Data excerpt —
[Start of section]

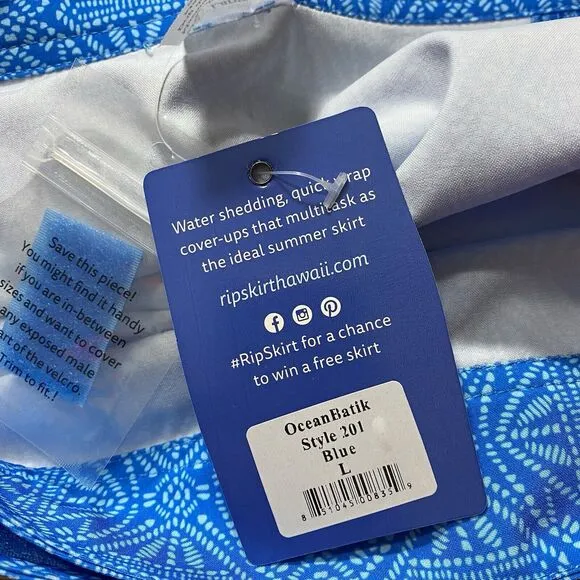 Rip Skirt Hawaii Wrap Skirt Womens Large Ocean Batik Length 2 Swim Beach Coverup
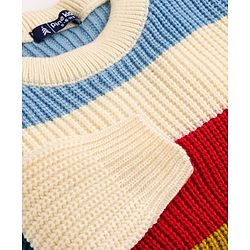 Pine Kids Knit Full Sleeves Striped Pullover Sweater - Multicolor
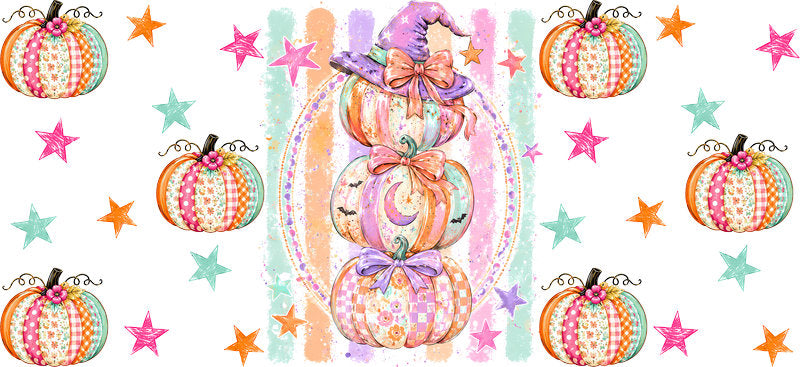 Pastel Pumpkin Stack Halloween UV DTF Cup Wrap for 16oz Libbey Can KA-17193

[End of section]

Task to carry out —
Could you repeat all of the data exactly, minus the pictures?

Exercise response —
 Rip Skirt Hawaii Wrap Skirt Womens Large Ocean Batik Length 2 Swim Beach Coverup
 Pine Kids Knit Full Sleeves Striped Pullover Sweater - Multicolor
 Pastel Pumpkin Stack Halloween UV DTF Cup Wrap for 16oz Libbey Can KA-17193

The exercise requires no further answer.